## What you are asked to do
Please return each record exactly as it stands.

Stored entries

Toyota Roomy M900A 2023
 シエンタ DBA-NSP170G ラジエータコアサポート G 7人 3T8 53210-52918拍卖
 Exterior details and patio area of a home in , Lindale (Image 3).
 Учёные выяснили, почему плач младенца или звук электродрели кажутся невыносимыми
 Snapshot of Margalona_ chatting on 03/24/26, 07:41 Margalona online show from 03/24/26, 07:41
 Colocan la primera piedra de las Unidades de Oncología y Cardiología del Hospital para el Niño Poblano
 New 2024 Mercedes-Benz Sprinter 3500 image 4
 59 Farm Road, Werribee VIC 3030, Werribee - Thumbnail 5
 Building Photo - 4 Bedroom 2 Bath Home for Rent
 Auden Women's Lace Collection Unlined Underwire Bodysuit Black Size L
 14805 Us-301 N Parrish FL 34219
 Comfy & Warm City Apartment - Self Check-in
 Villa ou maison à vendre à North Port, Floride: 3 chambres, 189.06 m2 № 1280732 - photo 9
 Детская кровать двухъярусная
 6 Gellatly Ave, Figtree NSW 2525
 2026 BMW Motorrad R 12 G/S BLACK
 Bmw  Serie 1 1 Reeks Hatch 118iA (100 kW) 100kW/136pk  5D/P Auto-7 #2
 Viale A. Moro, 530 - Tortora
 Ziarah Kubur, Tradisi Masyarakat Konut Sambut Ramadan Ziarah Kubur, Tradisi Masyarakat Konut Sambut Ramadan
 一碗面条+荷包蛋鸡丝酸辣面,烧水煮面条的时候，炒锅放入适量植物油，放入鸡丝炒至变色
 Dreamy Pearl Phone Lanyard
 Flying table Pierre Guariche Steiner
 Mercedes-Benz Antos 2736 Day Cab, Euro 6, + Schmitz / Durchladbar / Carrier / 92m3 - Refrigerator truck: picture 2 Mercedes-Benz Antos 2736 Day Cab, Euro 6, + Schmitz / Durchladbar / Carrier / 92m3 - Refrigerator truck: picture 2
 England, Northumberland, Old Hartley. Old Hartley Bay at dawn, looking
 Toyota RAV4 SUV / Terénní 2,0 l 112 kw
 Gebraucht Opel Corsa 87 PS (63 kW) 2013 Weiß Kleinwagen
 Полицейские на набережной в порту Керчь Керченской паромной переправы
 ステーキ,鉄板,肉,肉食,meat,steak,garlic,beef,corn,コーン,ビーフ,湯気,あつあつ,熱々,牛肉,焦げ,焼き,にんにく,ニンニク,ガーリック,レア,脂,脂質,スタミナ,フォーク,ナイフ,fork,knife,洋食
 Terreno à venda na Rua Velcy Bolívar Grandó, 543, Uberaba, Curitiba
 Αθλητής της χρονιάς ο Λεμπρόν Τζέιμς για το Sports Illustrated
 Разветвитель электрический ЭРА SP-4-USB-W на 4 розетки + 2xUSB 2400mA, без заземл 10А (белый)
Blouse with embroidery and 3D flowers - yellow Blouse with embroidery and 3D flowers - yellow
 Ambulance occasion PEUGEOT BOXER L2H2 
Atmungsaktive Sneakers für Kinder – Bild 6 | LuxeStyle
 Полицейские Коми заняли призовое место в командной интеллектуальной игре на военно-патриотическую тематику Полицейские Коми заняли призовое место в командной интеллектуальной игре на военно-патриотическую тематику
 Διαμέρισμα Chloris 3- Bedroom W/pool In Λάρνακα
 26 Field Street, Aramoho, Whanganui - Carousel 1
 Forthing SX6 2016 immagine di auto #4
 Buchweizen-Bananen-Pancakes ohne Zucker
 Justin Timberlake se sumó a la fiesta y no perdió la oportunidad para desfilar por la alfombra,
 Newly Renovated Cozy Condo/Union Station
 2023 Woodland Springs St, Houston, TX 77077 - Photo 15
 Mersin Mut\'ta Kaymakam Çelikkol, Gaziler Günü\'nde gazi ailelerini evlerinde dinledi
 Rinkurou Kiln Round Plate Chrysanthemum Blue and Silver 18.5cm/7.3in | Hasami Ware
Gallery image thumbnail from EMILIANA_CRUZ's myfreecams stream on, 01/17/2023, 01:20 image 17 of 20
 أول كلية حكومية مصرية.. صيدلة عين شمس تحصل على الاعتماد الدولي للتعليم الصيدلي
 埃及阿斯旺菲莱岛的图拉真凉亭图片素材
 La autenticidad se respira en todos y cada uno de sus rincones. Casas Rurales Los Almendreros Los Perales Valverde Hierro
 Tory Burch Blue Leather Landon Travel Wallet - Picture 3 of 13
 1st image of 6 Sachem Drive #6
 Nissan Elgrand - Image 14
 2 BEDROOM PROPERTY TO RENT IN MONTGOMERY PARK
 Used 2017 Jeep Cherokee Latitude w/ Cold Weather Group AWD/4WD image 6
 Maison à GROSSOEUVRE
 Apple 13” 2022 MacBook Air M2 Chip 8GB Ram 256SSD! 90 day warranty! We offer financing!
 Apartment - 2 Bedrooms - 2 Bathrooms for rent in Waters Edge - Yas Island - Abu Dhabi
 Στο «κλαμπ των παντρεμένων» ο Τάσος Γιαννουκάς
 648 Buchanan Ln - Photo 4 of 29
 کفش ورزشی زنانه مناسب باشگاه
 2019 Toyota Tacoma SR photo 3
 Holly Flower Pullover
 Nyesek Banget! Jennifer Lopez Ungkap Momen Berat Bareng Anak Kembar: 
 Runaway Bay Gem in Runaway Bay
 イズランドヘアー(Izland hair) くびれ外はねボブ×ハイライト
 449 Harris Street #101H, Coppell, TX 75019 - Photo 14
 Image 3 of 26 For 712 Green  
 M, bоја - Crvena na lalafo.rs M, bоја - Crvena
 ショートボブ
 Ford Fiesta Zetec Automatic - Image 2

## Output of the exercise
Toyota Roomy M900A 2023
 シエンタ DBA-NSP170G ラジエータコアサポート G 7人 3T8 53210-52918拍卖
 Exterior details and patio area of a home in , Lindale (Image 3).
 Учёные выяснили, почему плач младенца или звук электродрели кажутся невыносимыми
 Snapshot of Margalona_ chatting on 03/24/26, 07:41 Margalona online show from 03/24/26, 07:41
 Colocan la primera piedra de las Unidades de Oncología y Cardiología del Hospital para el Niño Poblano
 New 2024 Mercedes-Benz Sprinter 3500 image 4
 59 Farm Road, Werribee VIC 3030, Werribee - Thumbnail 5
 Building Photo - 4 Bedroom 2 Bath Home for Rent
 Auden Women's Lace Collection Unlined Underwire Bodysuit Black Size L
 14805 Us-301 N Parrish FL 34219
 Comfy & Warm City Apartment - Self Check-in
 Villa ou maison à vendre à North Port, Floride: 3 chambres, 189.06 m2 № 1280732 - photo 9
 Детская кровать двухъярусная
 6 Gellatly Ave, Figtree NSW 2525
 2026 BMW Motorrad R 12 G/S BLACK
 Bmw  Serie 1 1 Reeks Hatch 118iA (100 kW) 100kW/136pk  5D/P Auto-7 #2
 Viale A. Moro, 530 - Tortora
 Ziarah Kubur, Tradisi Masyarakat Konut Sambut Ramadan Ziarah Kubur, Tradisi Masyarakat Konut Sambut Ramadan
 一碗面条+荷包蛋鸡丝酸辣面,烧水煮面条的时候，炒锅放入适量植物油，放入鸡丝炒至变色
 Dreamy Pearl Phone Lanyard
 Flying table Pierre Guariche Steiner
 Mercedes-Benz Antos 2736 Day Cab, Euro 6, + Schmitz / Durchladbar / Carrier / 92m3 - Refrigerator truck: picture 2 Mercedes-Benz Antos 2736 Day Cab, Euro 6, + Schmitz / Durchladbar / Carrier / 92m3 - Refrigerator truck: picture 2
 England, Northumberland, Old Hartley. Old Hartley Bay at dawn, looking
 Toyota RAV4 SUV / Terénní 2,0 l 112 kw
 Gebraucht Opel Corsa 87 PS (63 kW) 2013 Weiß Kleinwagen
 Полицейские на набережной в порту Керчь Керченской паромной переправы
 ステーキ,鉄板,肉,肉食,meat,steak,garlic,beef,corn,コーン,ビーフ,湯気,あつあつ,熱々,牛肉,焦げ,焼き,にんにく,ニンニク,ガーリック,レア,脂,脂質,スタミナ,フォーク,ナイフ,fork,knife,洋食
 Terreno à venda na Rua Velcy Bolívar Grandó, 543, Uberaba, Curitiba
 Αθλητής της χρονιάς ο Λεμπρόν Τζέιμς για το Sports Illustrated
 Разветвитель электрический ЭРА SP-4-USB-W на 4 розетки + 2xUSB 2400mA, без заземл 10А (белый)
Blouse with embroidery and 3D flowers - yellow Blouse with embroidery and 3D flowers - yellow
 Ambulance occasion PEUGEOT BOXER L2H2 
Atmungsaktive Sneakers für Kinder – Bild 6 | LuxeStyle
 Полицейские Коми заняли призовое место в командной интеллектуальной игре на военно-патриотическую тематику Полицейские Коми заняли призовое место в командной интеллектуальной игре на военно-патриотическую тематику
 Διαμέρισμα Chloris 3- Bedroom W/pool In Λάρνακα
 26 Field Street, Aramoho, Whanganui - Carousel 1
 Forthing SX6 2016 immagine di auto #4
 Buchweizen-Bananen-Pancakes ohne Zucker
 Justin Timberlake se sumó a la fiesta y no perdió la oportunidad para desfilar por la alfombra,
 Newly Renovated Cozy Condo/Union Station
 2023 Woodland Springs St, Houston, TX 77077 - Photo 15
 Mersin Mut\'ta Kaymakam Çelikkol, Gaziler Günü\'nde gazi ailelerini evlerinde dinledi
 Rinkurou Kiln Round Plate Chrysanthemum Blue and Silver 18.5cm/7.3in | Hasami Ware
Gallery image thumbnail from EMILIANA_CRUZ's myfreecams stream on, 01/17/2023, 01:20 image 17 of 20
 أول كلية حكومية مصرية.. صيدلة عين شمس تحصل على الاعتماد الدولي للتعليم الصيدلي
 埃及阿斯旺菲莱岛的图拉真凉亭图片素材
 La autenticidad se respira en todos y cada uno de sus rincones. Casas Rurales Los Almendreros Los Perales Valverde Hierro
 Tory Burch Blue Leather Landon Travel Wallet - Picture 3 of 13
 1st image of 6 Sachem Drive #6
 Nissan Elgrand - Image 14
 2 BEDROOM PROPERTY TO RENT IN MONTGOMERY PARK
 Used 2017 Jeep Cherokee Latitude w/ Cold Weather Group AWD/4WD image 6
 Maison à GROSSOEUVRE
 Apple 13” 2022 MacBook Air M2 Chip 8GB Ram 256SSD! 90 day warranty! We offer financing!
 Apartment - 2 Bedrooms - 2 Bathrooms for rent in Waters Edge - Yas Island - Abu Dhabi
 Στο «κλαμπ των παντρεμένων» ο Τάσος Γιαννουκάς
 648 Buchanan Ln - Photo 4 of 29
 کفش ورزشی زنانه مناسب باشگاه
 2019 Toyota Tacoma SR photo 3
 Holly Flower Pullover
 Nyesek Banget! Jennifer Lopez Ungkap Momen Berat Bareng Anak Kembar: 
 Runaway Bay Gem in Runaway Bay
 イズランドヘアー(Izland hair) くびれ外はねボブ×ハイライト
 449 Harris Street #101H, Coppell, TX 75019 - Photo 14
 Image 3 of 26 For 712 Green  
 M, bоја - Crvena na lalafo.rs M, bоја - Crvena
 ショートボブ
 Ford Fiesta Zetec Automatic - Image 2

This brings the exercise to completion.